Output the data below only from the line containing "Cover of The" up to and including the line containing "Work Hard Dream", exact and with the pictures left out.

═════ DATA TO PROCESS

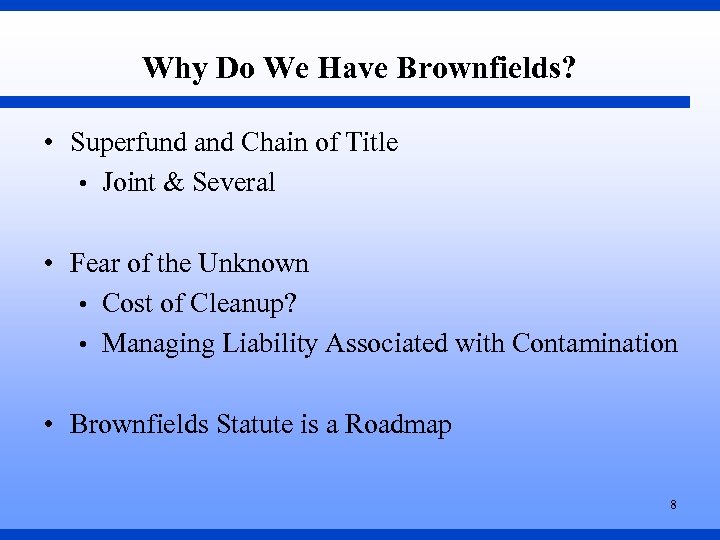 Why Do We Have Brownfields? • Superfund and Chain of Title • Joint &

══════════
═════ DATA TO PROCESS

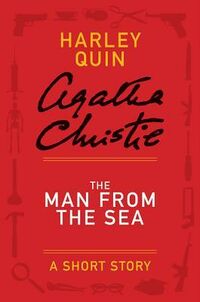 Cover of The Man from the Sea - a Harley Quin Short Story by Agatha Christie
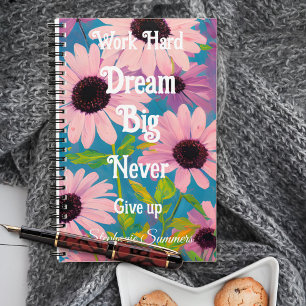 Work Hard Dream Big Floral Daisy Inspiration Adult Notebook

══════════
═════ DATA TO PROCESS

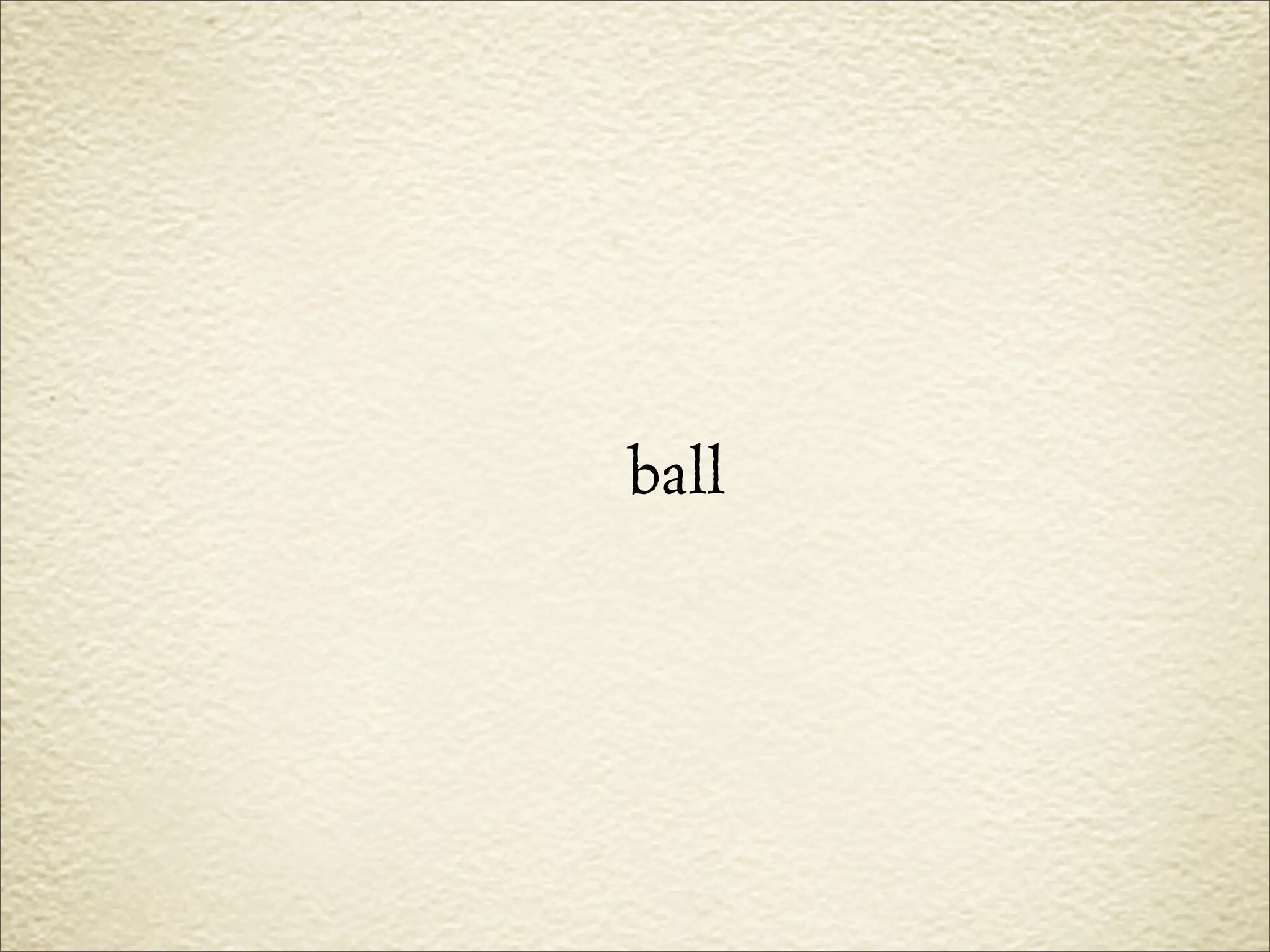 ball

══════════

• **EXERCISE SOLUTION**:
 Cover of The Man from the Sea - a Harley Quin Short Story by Agatha Christie
 Work Hard Dream Big Floral Daisy Inspiration Adult Notebook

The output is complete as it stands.